La mise en place de nouvelles taxes et de mesures supplémentaires sur les émissions de CO2 contribuera à réduire le réchauffement, mais ne sera pas suffisante: en effet, le réchauffement de la planète risque de se poursuivre, à moins que l’on ne puisse retirer de l’atmosphère le CO2 déjà émis. Dans l’avis élaboré par Krister Andersson et adopté lors de la session plénière de juillet, le Comité insiste sur le fait qu’il est nécessaire d’établir un nouveau système, dans lequel les émissions de CO2 seraient non seulement imposées et donc découragées, mais où celles qui se trouvent déjà dans l’atmosphère pourraient être supprimées, stockées et utilisées à d’autres fins.
M. Andersson, qui est intervenu lors de la session plénière, a précisé: Il est important de recourir à la fiscalité pour atteindre les objectifs européens en matière de neutralité climatique, mais il faut des instruments supplémentaires. Un dispositif efficace consisterait à être à même de réduire les émissions de CO2, tout en retirant parallèlement celui qui se trouve déjà dans l’atmosphère. C’est la raison pour laquelle nous demandons une approche de taxation symétrique fondée sur cette stratégie: les recettes tirées des taxes sur le carbone pourraient être utilisées pour compenser les activités qui ont pour effet d’éliminer le CO2 de l’atmosphère
.
Le CESE recommande également de réaliser des investissements spécifiques pour développer, au niveau européen comme national, les nouvelles technologies permettant le captage et le stockage du carbone (CSC) et le captage et l’utilisation du carbone (CUC). Ces mesures constitueraient un pas supplémentaire vers la réduction de l’incidence des émissions de CO2, en contribuant par là-même aux objectifs de développement durable promus par les Nations unies, ainsi qu’à ceux de l’accord de Paris sur le changement climatique.
Le Comité attire également l’attention sur les pratiques de gestion des terres qui devraient être encouragées et soutenues, au sein de l’Union et dans les États membres, notamment en mettant l’accent sur les forêts.
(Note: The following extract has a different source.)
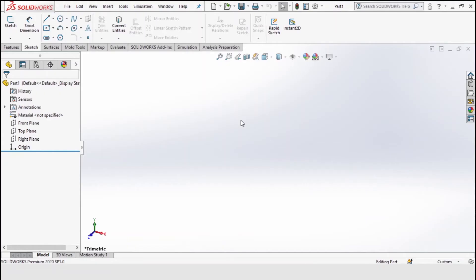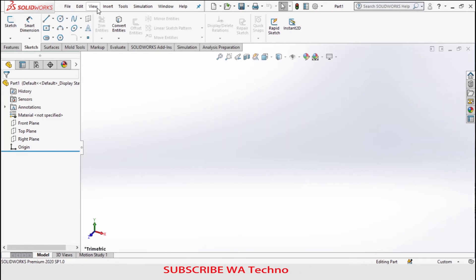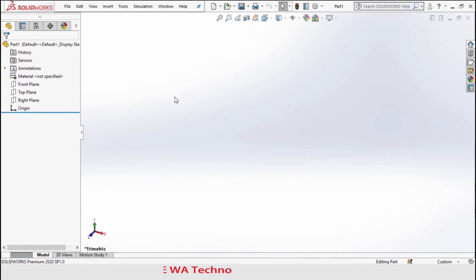Hey, what's up guys. Today we're talking about a common issue called the toolbar. Many people are facing the issue where the toolbar is hidden, so you can see there is no toolbar.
L’expansion, la restauration et la gestion correcte des forêts peuvent permettre d’optimiser la capacité de photosynthèse afin d’éliminer le CO2, et mériteraient en cela d’être compensées par l’application d’un impôt négatif. Les forêts éliminent naturellement le dioxyde de carbone, et les arbres sont particulièrement efficaces pour stocker le carbone absorbé dans l’atmosphère. En tout état de cause, qu’il s’agisse de nouvelles technologies ou d’autres pratiques, les mesures devraient être symétriques, efficaces et mises en œuvre d’une manière qui soit socialement acceptable pour tous.
De l’avis du CESE, il est nécessaire de lutter contre le réchauffement planétaire dans le monde entier, de manière globale et symétrique, en tenant compte du niveau de CO2 présent dans l’atmosphère. Il serait utile d’établir des règles uniformes au sein de l’UE et, sur cette base, d’engager des discussions au niveau international avec d’autres blocs commerciaux. À l’avenir, et afin de parvenir à un cadre d’action symétrique et efficace pour faire face à la quantité croissante de CO2, de nouvelles mesures fiscales pourraient être proposées pour compléter le système actuel d’échange de quotas d’émission et les taxes nationales sur le carbone.
L’approche suivie par la Commission européenne dans le cadre du pacte vert pour l’Europe avec le système européen d’échange de quotas d’émission (SEQE) semble aller dans la bonne direction et constituer une avancée positive visant à mettre en place une tarification plus efficace du carbone dans l’ensemble de l’économie. Le SEQE repose sur le principe de plafonnement et d’échange, en vertu duquel un plafond est fixé pour la quantité totale de certains gaz à effet de serre qui peuvent être émis. Ce plafond est abaissé au fil du temps, ce qui contraint à réduire les émissions totales. Dans les limites de celui-ci, les entreprises soumises au système reçoivent ou achètent des quotas d’émission, qu’elles peuvent échanger en cas de besoin. Il conviendrait de coordonner cet outil avec d’autres instruments supplémentaires, notamment une nouvelle approche en matière de fiscalité, dans un cadre politique cohérent, ainsi qu’avec d’autres outils similaires mis en place dans d’autres régions du monde.